# [Your instructions]
Top to bottom, every record is to be copied word for word.

# [Available data]
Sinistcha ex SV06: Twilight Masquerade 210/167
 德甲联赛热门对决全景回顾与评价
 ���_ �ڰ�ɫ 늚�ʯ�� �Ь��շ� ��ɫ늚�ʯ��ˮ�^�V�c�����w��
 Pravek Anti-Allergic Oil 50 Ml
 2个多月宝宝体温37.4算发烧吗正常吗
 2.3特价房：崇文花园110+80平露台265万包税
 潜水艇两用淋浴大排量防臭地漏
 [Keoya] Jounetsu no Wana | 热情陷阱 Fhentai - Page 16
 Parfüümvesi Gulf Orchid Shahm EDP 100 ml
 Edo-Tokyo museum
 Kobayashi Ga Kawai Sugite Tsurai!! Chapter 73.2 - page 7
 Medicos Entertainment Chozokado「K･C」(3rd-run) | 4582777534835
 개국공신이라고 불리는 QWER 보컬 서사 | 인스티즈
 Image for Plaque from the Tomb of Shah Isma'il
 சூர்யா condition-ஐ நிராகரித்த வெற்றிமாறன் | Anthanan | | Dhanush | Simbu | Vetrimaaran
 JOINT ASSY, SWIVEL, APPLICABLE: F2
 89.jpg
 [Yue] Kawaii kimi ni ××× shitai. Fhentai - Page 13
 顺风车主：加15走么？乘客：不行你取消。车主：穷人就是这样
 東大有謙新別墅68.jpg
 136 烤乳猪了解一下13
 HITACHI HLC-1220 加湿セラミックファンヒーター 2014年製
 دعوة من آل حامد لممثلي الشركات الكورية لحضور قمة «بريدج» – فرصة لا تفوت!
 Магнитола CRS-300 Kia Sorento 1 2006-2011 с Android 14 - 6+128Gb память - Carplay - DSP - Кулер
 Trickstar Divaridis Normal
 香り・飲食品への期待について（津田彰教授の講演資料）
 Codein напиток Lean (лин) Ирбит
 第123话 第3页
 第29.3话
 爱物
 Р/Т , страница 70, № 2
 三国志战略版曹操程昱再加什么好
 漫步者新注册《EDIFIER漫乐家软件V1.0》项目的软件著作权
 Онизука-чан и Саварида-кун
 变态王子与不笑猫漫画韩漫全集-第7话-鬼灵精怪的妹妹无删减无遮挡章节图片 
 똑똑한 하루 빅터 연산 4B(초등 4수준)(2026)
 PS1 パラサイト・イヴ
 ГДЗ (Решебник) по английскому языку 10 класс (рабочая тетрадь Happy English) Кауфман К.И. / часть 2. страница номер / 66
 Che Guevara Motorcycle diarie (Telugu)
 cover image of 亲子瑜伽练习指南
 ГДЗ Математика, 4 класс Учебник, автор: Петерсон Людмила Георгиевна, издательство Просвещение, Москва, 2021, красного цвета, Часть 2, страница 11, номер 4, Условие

# [Answer for the task]
Sinistcha ex SV06: Twilight Masquerade 210/167
 德甲联赛热门对决全景回顾与评价
 ���_ �ڰ�ɫ 늚�ʯ�� �Ь��շ� ��ɫ늚�ʯ��ˮ�^�V�c�����w��
 Pravek Anti-Allergic Oil 50 Ml
 2个多月宝宝体温37.4算发烧吗正常吗
 2.3特价房：崇文花园110+80平露台265万包税
 潜水艇两用淋浴大排量防臭地漏
 [Keoya] Jounetsu no Wana | 热情陷阱 Fhentai - Page 16
 Parfüümvesi Gulf Orchid Shahm EDP 100 ml
 Edo-Tokyo museum
 Kobayashi Ga Kawai Sugite Tsurai!! Chapter 73.2 - page 7
 Medicos Entertainment Chozokado「K･C」(3rd-run) | 4582777534835
 개국공신이라고 불리는 QWER 보컬 서사 | 인스티즈
 Image for Plaque from the Tomb of Shah Isma'il
 சூர்யா condition-ஐ நிராகரித்த வெற்றிமாறன் | Anthanan | | Dhanush | Simbu | Vetrimaaran
 JOINT ASSY, SWIVEL, APPLICABLE: F2
 89.jpg
 [Yue] Kawaii kimi ni ××× shitai. Fhentai - Page 13
 顺风车主：加15走么？乘客：不行你取消。车主：穷人就是这样
 東大有謙新別墅68.jpg
 136 烤乳猪了解一下13
 HITACHI HLC-1220 加湿セラミックファンヒーター 2014年製
 دعوة من آل حامد لممثلي الشركات الكورية لحضور قمة «بريدج» – فرصة لا تفوت!
 Магнитола CRS-300 Kia Sorento 1 2006-2011 с Android 14 - 6+128Gb память - Carplay - DSP - Кулер
 Trickstar Divaridis Normal
 香り・飲食品への期待について（津田彰教授の講演資料）
 Codein напиток Lean (лин) Ирбит
 第123话 第3页
 第29.3话
 爱物
 Р/Т , страница 70, № 2
 三国志战略版曹操程昱再加什么好
 漫步者新注册《EDIFIER漫乐家软件V1.0》项目的软件著作权
 Онизука-чан и Саварида-кун
 变态王子与不笑猫漫画韩漫全集-第7话-鬼灵精怪的妹妹无删减无遮挡章节图片 
 똑똑한 하루 빅터 연산 4B(초등 4수준)(2026)
 PS1 パラサイト・イヴ
 ГДЗ (Решебник) по английскому языку 10 класс (рабочая тетрадь Happy English) Кауфман К.И. / часть 2. страница номер / 66
 Che Guevara Motorcycle diarie (Telugu)
 cover image of 亲子瑜伽练习指南
 ГДЗ Математика, 4 класс Учебник, автор: Петерсон Людмила Георгиевна, издательство Просвещение, Москва, 2021, красного цвета, Часть 2, страница 11, номер 4, Условие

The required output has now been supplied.